— Recorded information —
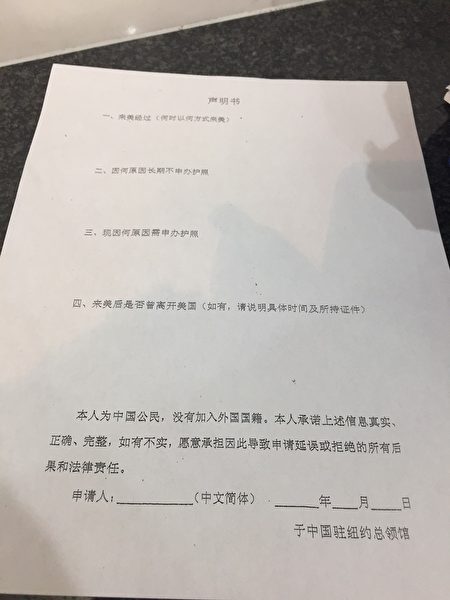 政庇綠卡持有者在換發中國護照時，中領館在發現申請人是政庇綠卡後，會要求申請人填寫政庇是如何取得的。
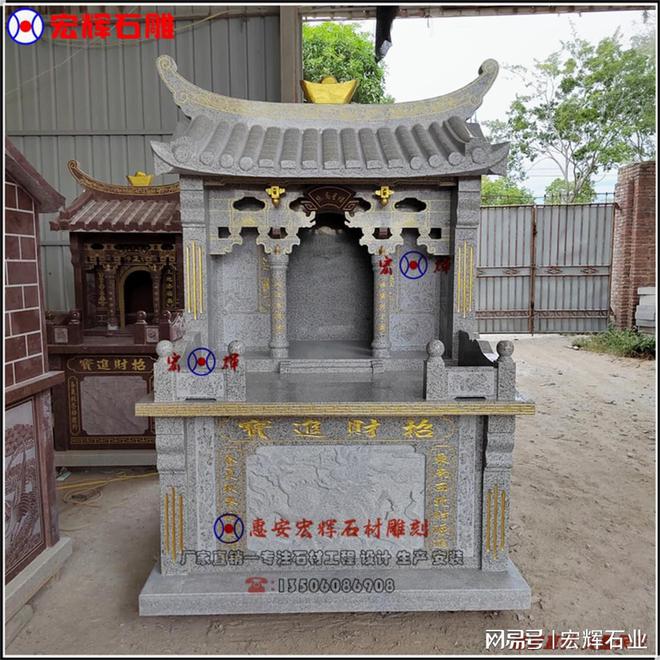 石雕土地庙的历史背景(图3)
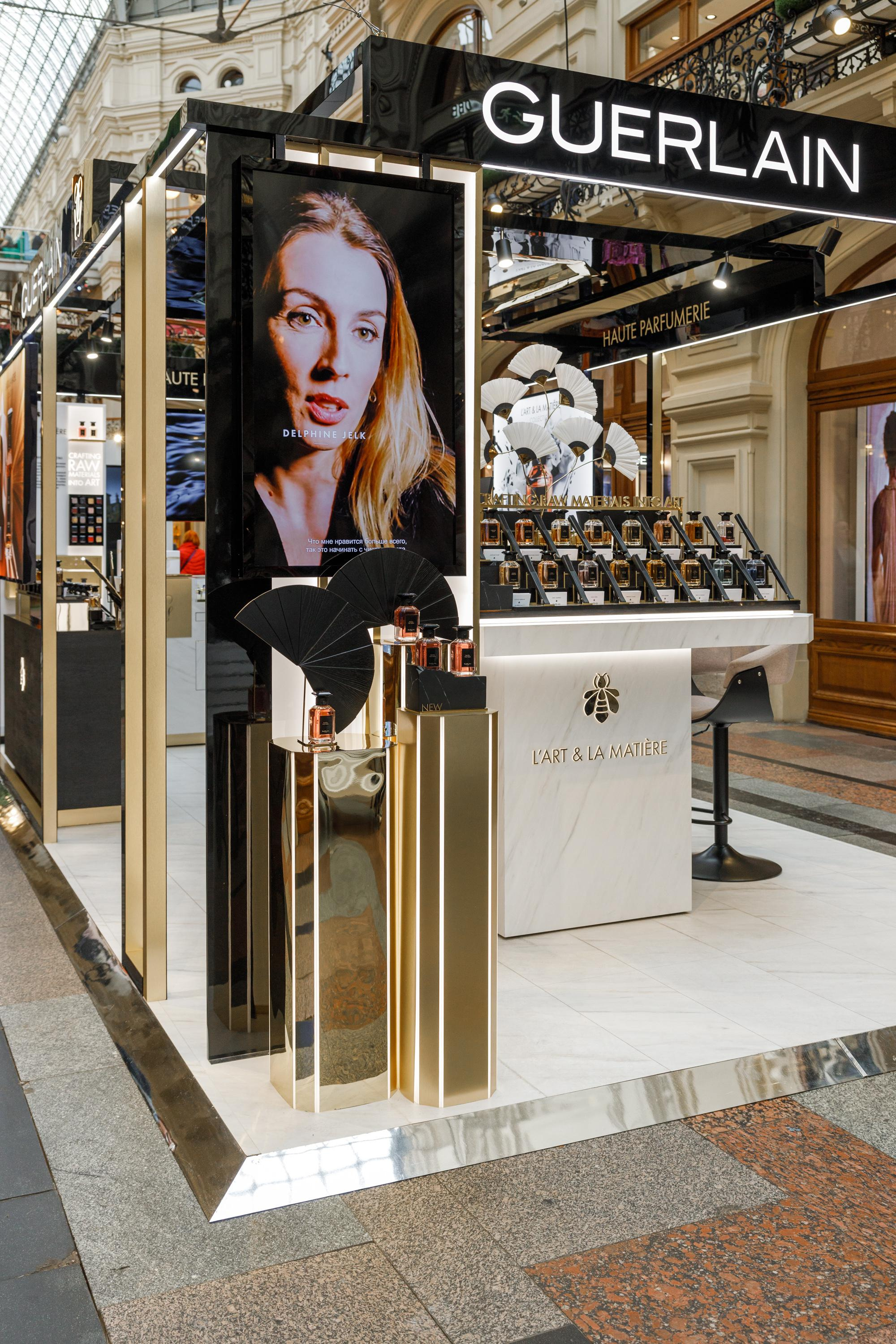 Guerlain. Feelmedia production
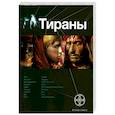 russische bücher: Остапенко Ю. - Тираны. Книга первая. Борджия
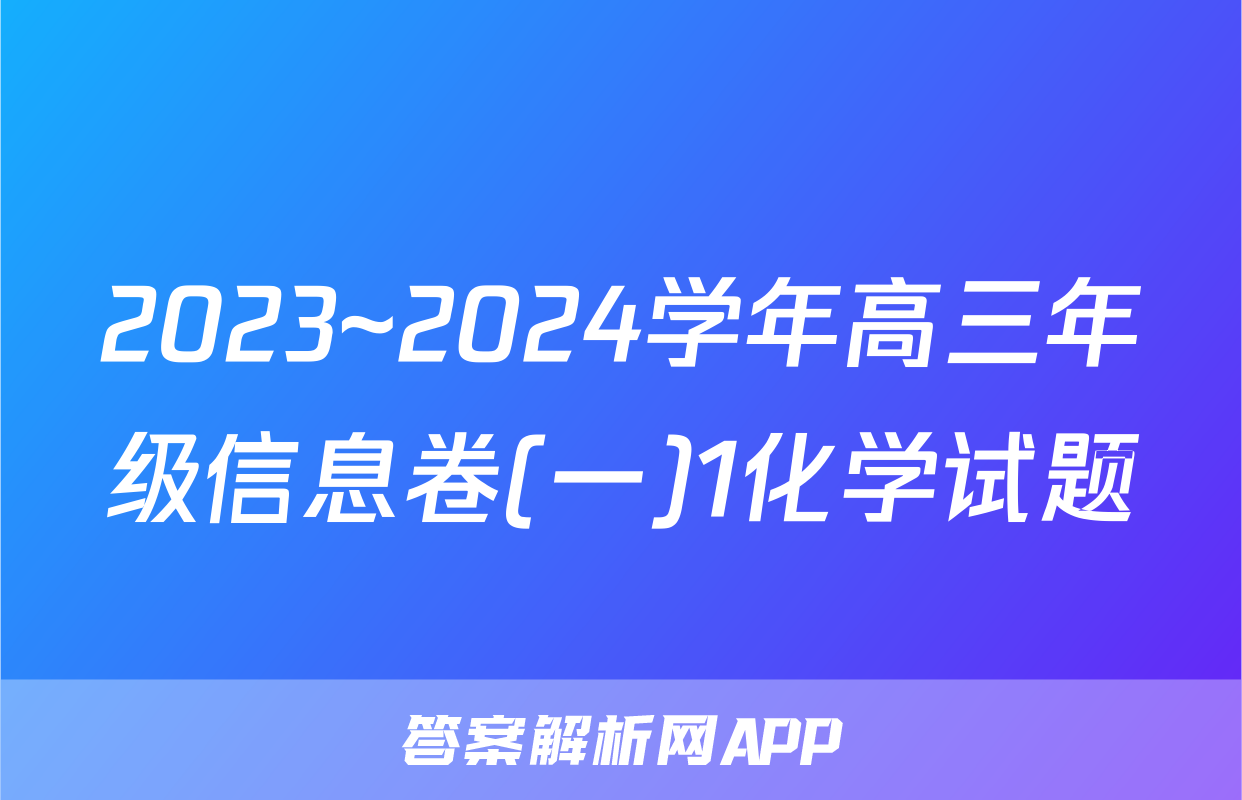 2023~2024学年高三年级信息卷(一)1化学试题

— What is required —
From the line containing "石雕土地庙的历史背景(图3)" down to the last line of the data above, transcribe exactly those lines and no others; omit the pictures.

— Completed exercise —
 石雕土地庙的历史背景(图3)
 Guerlain. Feelmedia production
 russische bücher: Остапенко Ю. - Тираны. Книга первая. Борджия
 2023~2024学年高三年级信息卷(一)1化学试题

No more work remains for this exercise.